In sales and marketing we often talk about treating customers like gold. They are “always right,” we are “customer-centric,” our “responsiveness” to customer inquiries is unparalleled in the market.
Can you say that about how you treat your sales force? What would happen if you treated your sales staff like customers? Would they produce for us like customers do?
The first step in any customer process is understanding their needs. If we are trying to offer solutions and create value for our customers we need to understand their challenges. We must explore their needs.
Now, lets turn the table and reflect internally–what are the needs of our sales? We know what we need them to do, but what do they “need” to be successful?
Here are a few ideas:
- Compelling products and services
- Knowledge of what they are selling (as well as what competitors are selling)

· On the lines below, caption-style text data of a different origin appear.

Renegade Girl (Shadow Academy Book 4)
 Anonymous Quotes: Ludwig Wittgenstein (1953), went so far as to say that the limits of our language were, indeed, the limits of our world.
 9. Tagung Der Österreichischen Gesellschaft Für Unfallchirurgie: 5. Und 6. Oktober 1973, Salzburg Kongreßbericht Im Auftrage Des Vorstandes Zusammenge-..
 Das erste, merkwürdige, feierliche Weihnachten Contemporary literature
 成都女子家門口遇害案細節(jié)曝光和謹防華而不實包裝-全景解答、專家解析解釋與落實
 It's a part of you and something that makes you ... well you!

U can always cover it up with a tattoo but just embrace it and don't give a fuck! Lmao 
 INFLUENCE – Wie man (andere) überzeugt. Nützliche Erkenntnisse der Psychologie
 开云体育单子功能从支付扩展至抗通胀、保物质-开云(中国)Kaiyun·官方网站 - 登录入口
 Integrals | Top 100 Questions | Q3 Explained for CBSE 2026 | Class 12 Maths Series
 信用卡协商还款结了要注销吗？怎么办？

- Source of fresh prospects or leads
- System to manage and follow-up on prospects
- Ability to negotiate and make deal decisions
Adapt these to your mortgage or debt business, but make sure you take the time. Look at trends and performance data. What helps get a deal done? What happened to those that didn’t get done?
Learn The Selling Cycle
Most of us have analyzed the customer buying cycle to a fine science. We know all of the scenarios that drive customers to us. We know what will make them hesitate, wait, or buy. We know how to accelerate that buying cycle with influence and persuasion.
Unfortunately, we don’t apply the same analysis to our selling process. The data is all there. Leads and prospects enter into our system. They are contacted and engaged. Then what happened?
Master this data and you can see delays, choke points, and fall out risks in your sales process. Tracking your selling cycle(s) can help you:
- Build better sales processes
- Improve knowledge-building and training
- Design more compelling marketing collateral
- Learn exactly when and how to follow-up
- Give sales people the tools to reinforce best practices
Mastering the sales cycle can help you equip your sales force for success–even automate much of that success formula.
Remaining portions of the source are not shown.